Gary Cohn, the top economic adviser to President Donald Trump, is considered to be the man driving the White House’s push to overhaul the tax code.
In an interview with the Financial Times, Cohn laid out the administration’s priorities on tax reform – along with his thoughts on the president’s response to the violence in Charlottesville, Virginia, earlier this month.

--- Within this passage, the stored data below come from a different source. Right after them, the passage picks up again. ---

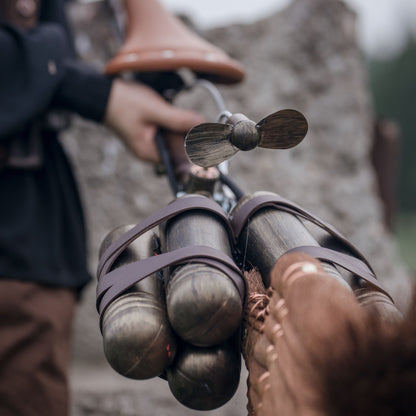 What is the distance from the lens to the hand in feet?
2.72

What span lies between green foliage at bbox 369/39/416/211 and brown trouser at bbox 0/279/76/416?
7868 millimetres

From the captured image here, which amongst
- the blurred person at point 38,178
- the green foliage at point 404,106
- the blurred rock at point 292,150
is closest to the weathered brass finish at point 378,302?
the blurred person at point 38,178

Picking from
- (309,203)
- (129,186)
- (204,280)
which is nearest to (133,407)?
(129,186)

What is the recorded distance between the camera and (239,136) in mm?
434

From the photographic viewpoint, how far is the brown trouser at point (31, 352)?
2.78 feet

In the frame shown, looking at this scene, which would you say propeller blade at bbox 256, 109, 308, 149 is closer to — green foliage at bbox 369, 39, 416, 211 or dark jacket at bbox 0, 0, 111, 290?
dark jacket at bbox 0, 0, 111, 290

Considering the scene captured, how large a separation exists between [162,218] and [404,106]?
8.46m

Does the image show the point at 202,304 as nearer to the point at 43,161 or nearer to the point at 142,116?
the point at 142,116

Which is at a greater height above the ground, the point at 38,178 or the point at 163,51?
the point at 163,51

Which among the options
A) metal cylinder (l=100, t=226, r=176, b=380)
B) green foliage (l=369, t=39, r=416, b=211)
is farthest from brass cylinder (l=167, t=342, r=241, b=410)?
green foliage (l=369, t=39, r=416, b=211)

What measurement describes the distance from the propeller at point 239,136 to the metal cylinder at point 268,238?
66 mm

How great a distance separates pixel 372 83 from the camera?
9164 mm

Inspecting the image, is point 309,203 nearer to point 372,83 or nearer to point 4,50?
point 4,50

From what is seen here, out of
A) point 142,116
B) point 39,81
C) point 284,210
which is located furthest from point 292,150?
point 284,210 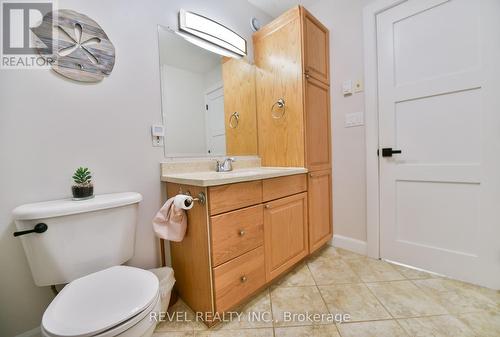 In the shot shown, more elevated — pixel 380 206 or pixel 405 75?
pixel 405 75

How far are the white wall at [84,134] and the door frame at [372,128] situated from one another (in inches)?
54.3

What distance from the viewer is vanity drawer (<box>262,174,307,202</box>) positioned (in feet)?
4.14

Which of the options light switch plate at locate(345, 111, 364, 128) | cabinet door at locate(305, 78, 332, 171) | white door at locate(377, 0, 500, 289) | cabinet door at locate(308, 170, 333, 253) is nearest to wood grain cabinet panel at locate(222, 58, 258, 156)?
cabinet door at locate(305, 78, 332, 171)

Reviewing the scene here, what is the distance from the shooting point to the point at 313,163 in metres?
1.66

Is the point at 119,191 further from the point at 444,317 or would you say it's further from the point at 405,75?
the point at 405,75

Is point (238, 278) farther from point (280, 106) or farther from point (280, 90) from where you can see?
point (280, 90)

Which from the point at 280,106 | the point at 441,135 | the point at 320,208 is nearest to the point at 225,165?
the point at 280,106

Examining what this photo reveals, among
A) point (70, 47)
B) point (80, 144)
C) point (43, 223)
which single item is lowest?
point (43, 223)

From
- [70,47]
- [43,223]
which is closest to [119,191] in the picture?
[43,223]

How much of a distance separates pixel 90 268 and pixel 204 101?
1241 mm

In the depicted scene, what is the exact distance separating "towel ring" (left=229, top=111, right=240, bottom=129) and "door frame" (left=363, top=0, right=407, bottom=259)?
1075 mm

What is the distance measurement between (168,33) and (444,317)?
7.65 feet

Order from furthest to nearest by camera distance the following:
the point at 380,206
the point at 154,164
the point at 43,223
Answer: the point at 380,206 → the point at 154,164 → the point at 43,223

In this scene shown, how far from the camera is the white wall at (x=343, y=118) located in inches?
66.9
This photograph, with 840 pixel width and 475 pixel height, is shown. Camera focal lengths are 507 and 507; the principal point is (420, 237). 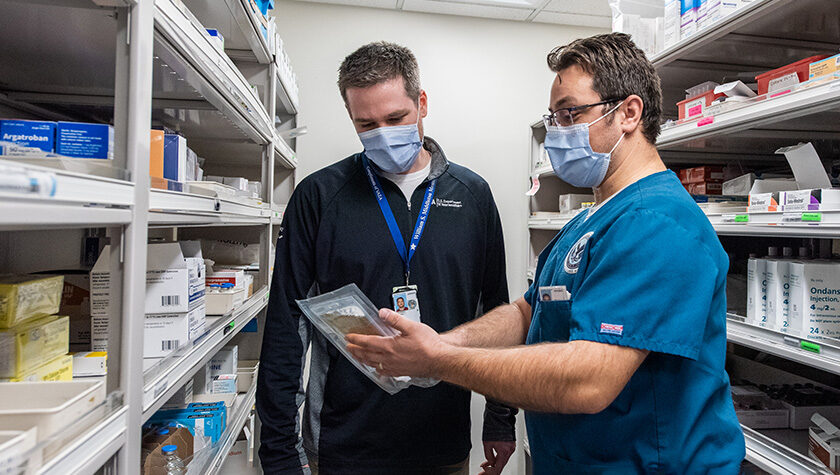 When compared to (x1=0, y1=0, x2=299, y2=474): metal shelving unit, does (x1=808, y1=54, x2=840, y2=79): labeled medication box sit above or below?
above

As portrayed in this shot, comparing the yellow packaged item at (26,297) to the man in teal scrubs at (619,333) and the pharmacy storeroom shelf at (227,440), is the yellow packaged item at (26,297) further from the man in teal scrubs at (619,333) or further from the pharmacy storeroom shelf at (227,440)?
the pharmacy storeroom shelf at (227,440)

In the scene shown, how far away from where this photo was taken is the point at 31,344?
3.06 feet

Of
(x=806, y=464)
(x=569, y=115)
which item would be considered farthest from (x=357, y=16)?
(x=806, y=464)

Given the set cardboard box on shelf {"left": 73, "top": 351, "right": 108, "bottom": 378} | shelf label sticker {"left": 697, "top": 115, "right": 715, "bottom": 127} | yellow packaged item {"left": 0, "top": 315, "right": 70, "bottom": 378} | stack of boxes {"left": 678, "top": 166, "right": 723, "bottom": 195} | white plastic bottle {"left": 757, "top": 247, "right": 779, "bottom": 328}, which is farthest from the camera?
stack of boxes {"left": 678, "top": 166, "right": 723, "bottom": 195}

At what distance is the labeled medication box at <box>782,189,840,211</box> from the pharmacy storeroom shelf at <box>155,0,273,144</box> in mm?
1892

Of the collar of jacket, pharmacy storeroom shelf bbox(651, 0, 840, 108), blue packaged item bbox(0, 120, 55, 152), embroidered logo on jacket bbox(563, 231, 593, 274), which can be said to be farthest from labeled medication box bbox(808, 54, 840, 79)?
blue packaged item bbox(0, 120, 55, 152)

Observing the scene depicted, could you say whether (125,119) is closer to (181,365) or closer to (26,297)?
(26,297)

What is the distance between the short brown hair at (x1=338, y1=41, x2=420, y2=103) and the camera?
167 cm

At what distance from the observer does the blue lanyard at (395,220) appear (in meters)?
1.68

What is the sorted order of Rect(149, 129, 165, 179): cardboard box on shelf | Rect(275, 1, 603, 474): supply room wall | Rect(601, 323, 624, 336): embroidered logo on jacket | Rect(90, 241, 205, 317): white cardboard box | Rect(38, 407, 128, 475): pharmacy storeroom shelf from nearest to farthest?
Rect(38, 407, 128, 475): pharmacy storeroom shelf, Rect(601, 323, 624, 336): embroidered logo on jacket, Rect(149, 129, 165, 179): cardboard box on shelf, Rect(90, 241, 205, 317): white cardboard box, Rect(275, 1, 603, 474): supply room wall

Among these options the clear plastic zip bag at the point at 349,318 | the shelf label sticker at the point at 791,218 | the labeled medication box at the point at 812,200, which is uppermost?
the labeled medication box at the point at 812,200

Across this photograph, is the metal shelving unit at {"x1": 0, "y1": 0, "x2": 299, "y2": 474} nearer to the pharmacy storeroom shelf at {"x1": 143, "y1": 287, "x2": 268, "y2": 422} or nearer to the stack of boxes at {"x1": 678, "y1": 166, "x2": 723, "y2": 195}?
the pharmacy storeroom shelf at {"x1": 143, "y1": 287, "x2": 268, "y2": 422}

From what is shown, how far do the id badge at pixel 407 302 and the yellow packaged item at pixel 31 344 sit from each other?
0.88 m

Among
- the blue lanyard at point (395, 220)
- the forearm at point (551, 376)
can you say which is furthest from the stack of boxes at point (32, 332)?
the blue lanyard at point (395, 220) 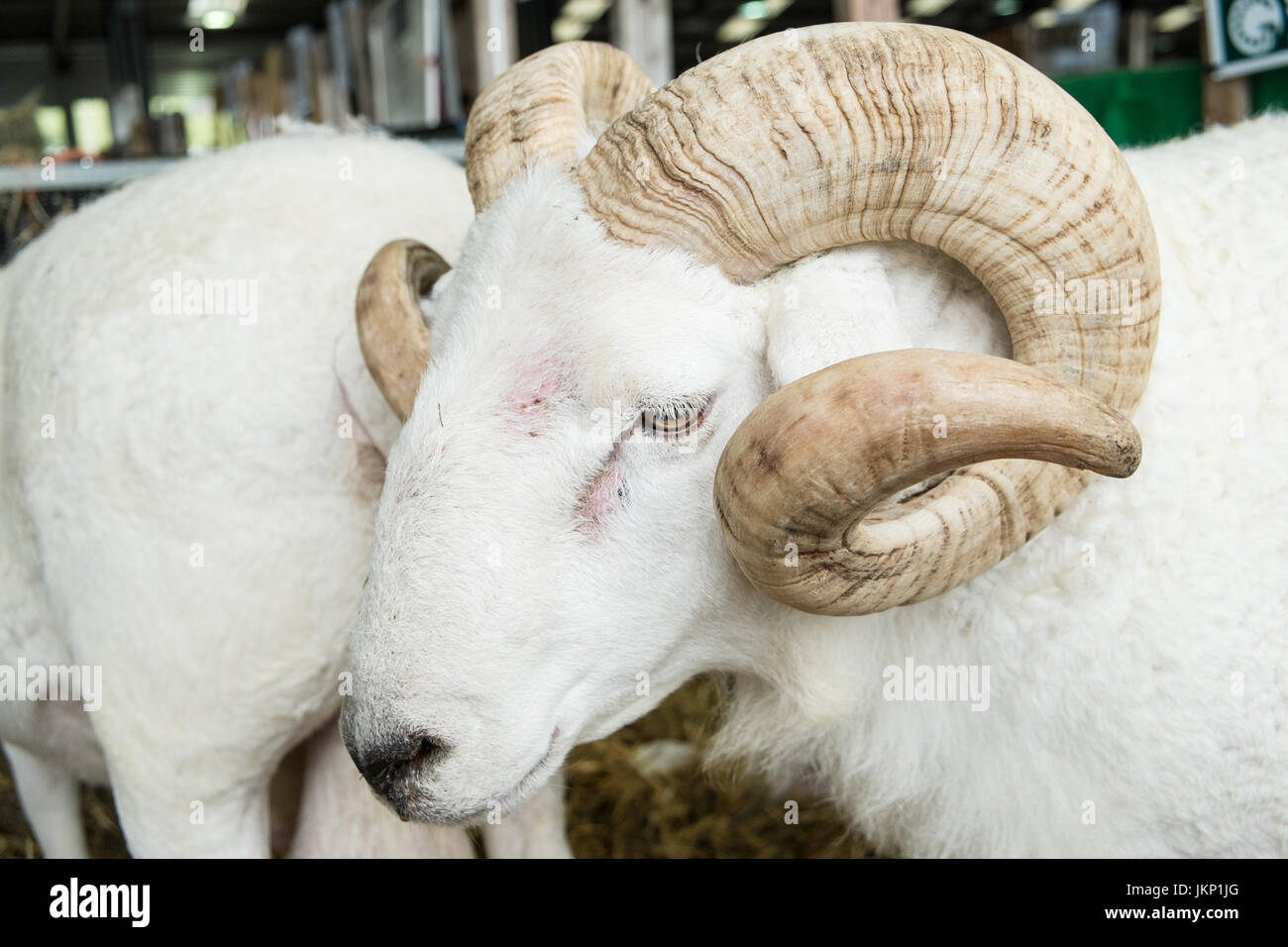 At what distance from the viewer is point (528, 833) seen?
121 inches

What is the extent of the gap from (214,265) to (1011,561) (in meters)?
1.77

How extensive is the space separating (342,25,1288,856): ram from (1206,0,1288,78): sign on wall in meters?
2.56

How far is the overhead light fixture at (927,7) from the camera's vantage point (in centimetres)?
1634

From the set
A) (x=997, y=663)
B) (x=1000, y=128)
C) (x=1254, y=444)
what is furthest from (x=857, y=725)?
(x=1000, y=128)

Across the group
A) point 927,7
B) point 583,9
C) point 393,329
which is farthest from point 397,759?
point 927,7

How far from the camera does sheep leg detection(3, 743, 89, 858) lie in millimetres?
3283

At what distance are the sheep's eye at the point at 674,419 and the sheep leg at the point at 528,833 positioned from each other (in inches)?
65.9

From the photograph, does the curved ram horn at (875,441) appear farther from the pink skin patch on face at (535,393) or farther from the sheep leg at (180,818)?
the sheep leg at (180,818)

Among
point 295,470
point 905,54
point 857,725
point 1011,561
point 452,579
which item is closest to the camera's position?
point 905,54

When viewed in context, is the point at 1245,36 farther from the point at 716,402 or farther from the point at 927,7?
the point at 927,7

Here’s a quick rundown of what the administration wants:
- Preserve only three individual deductions. Cohn told the FT that the GOP plan would keep popular deductions for mortgage interest, charitable giving, and retirement contributions. The first two were included in the tax principles released in April, and the White House clarified a few days later that it also wanted to keep the retirement deduction. Cohn also said Trump wanted to double the standard deduction, which the White House also said in April. Eliminate the estate tax. This tax applies only if assets given to heirs total more than $5.49 million. Get the corporate tax rate “as low as possible.” Cohn’s comments came in response to a direct question about whether the corporate rate would be lowered to 15% from 35%. That has long been a target for Trump, but there have been reports that the final plan may include a higher corporate rate. Cohn did not reiterate promises of a 15% rate. Allow a one-time repatriation of overseas cash. The administration previously said this would happen, and Trump said it would come at a 10% rate. Cohn would not commit to that level, and the proposed 10% would be almost double the rate the last time there was a one-time repatriation, in 2004.
While much of what Cohn said lined up with the White House’s proposals, some of the elements omitted raised eyebrows. Not committing to a rate for corporate taxes or the repatriation tax leaves significant question marks for businesses for what to expect from the plan.